╭──
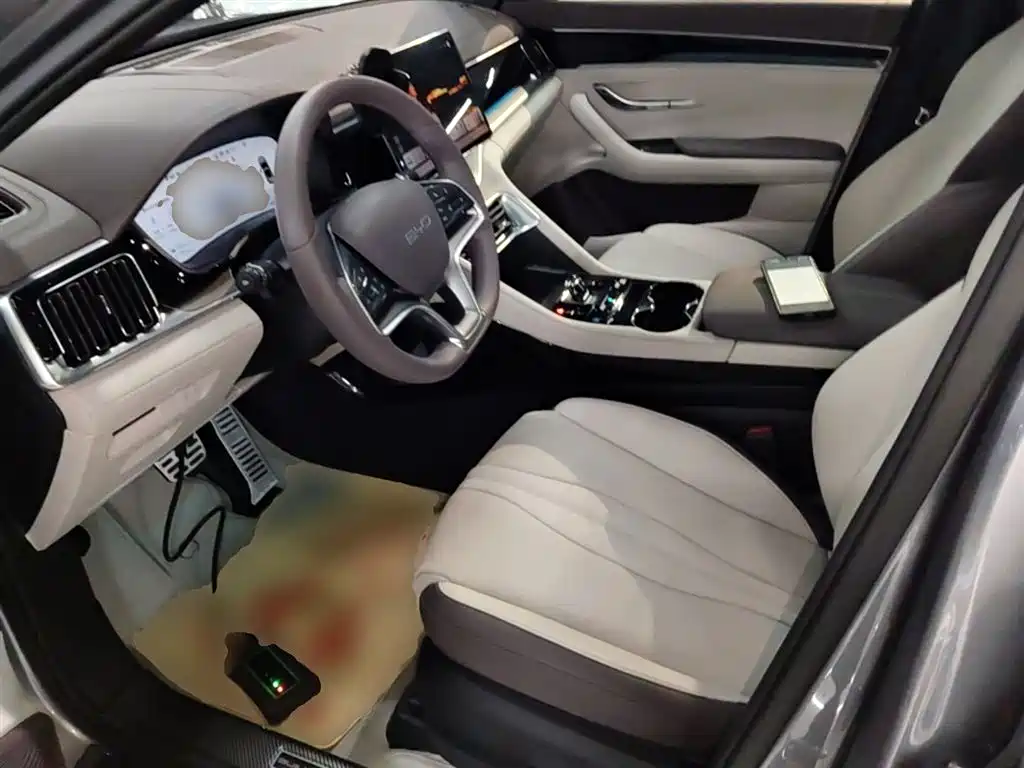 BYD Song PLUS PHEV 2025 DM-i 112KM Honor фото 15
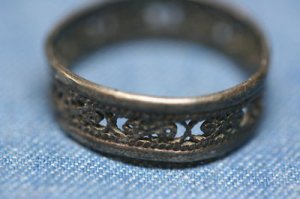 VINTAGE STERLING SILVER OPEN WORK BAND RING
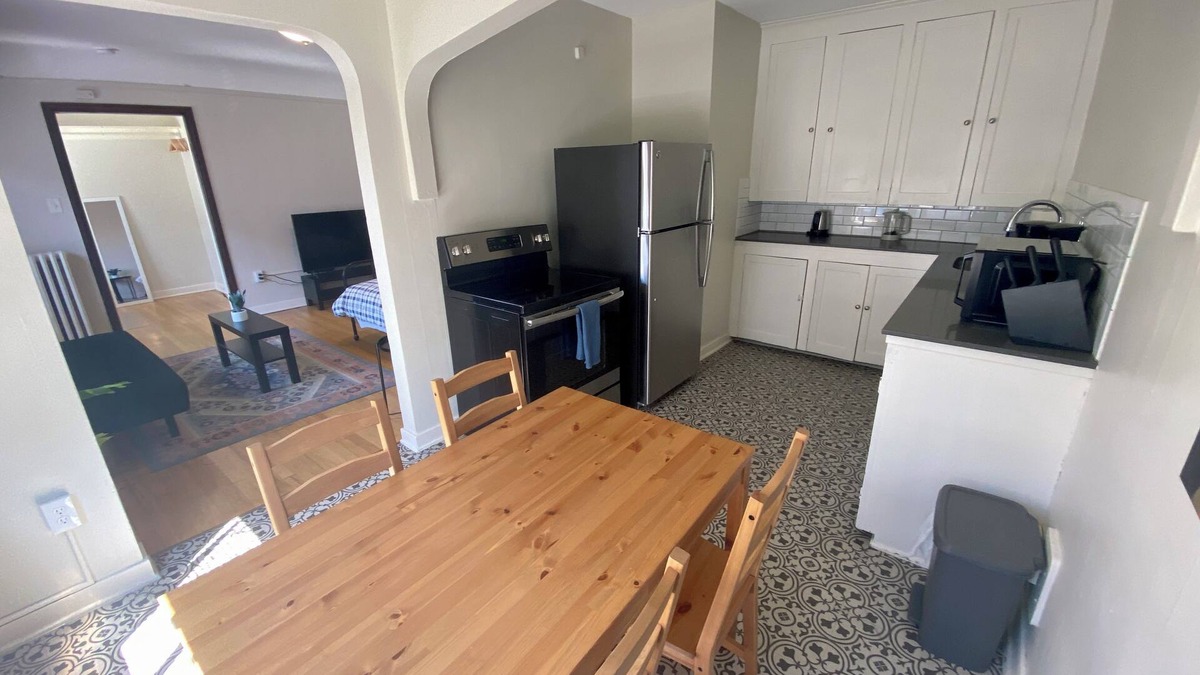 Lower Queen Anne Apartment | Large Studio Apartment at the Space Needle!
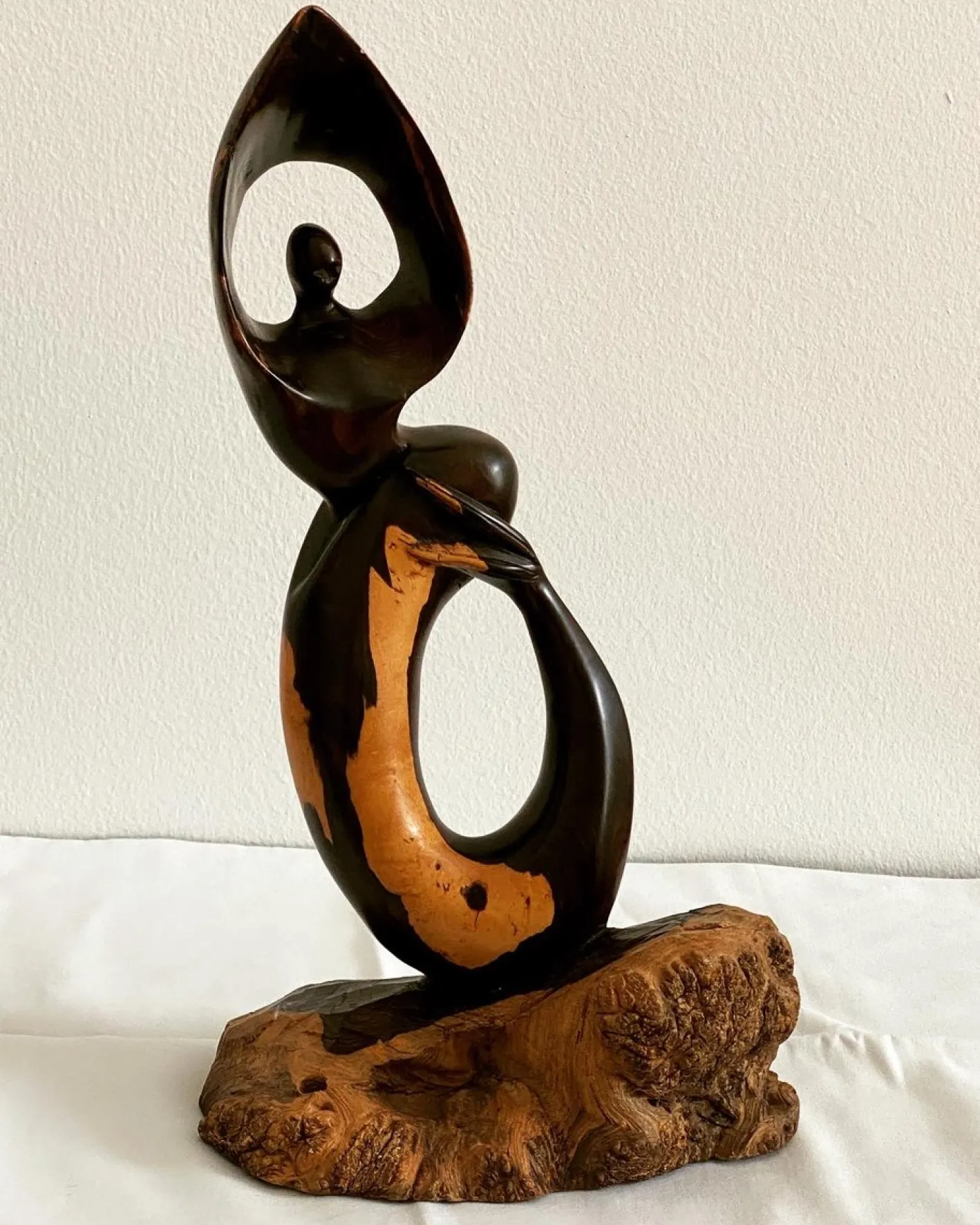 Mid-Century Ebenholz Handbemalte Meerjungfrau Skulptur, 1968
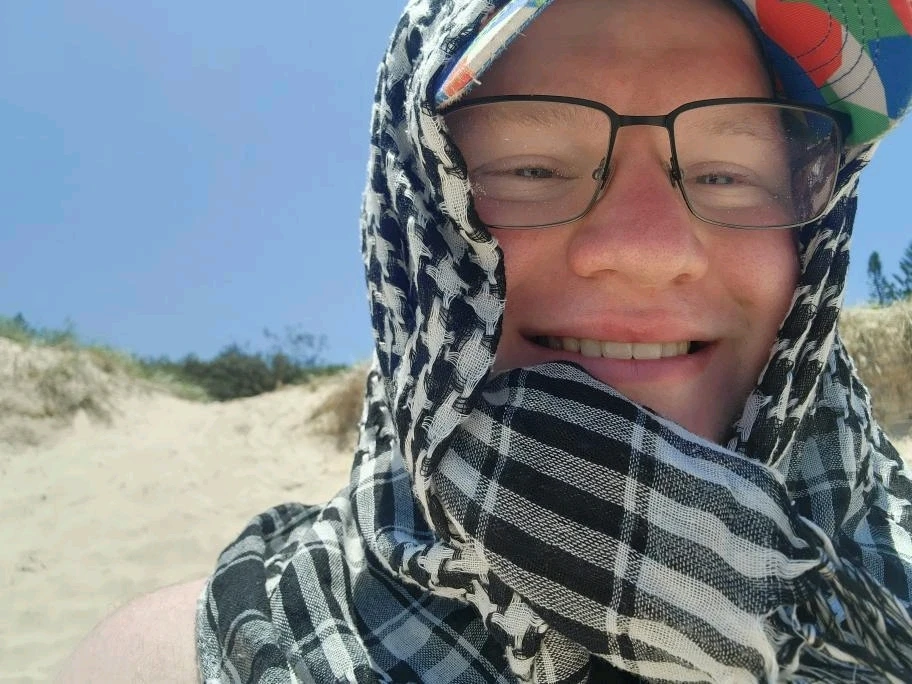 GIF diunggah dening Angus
╰──
§ **Exercise objective**: Produce the full material again verbatim, with the pictures dropped.

§ **Answer for this exercise**:
 BYD Song PLUS PHEV 2025 DM-i 112KM Honor фото 15
 VINTAGE STERLING SILVER OPEN WORK BAND RING
 Lower Queen Anne Apartment | Large Studio Apartment at the Space Needle!
 Mid-Century Ebenholz Handbemalte Meerjungfrau Skulptur, 1968
 GIF diunggah dening Angus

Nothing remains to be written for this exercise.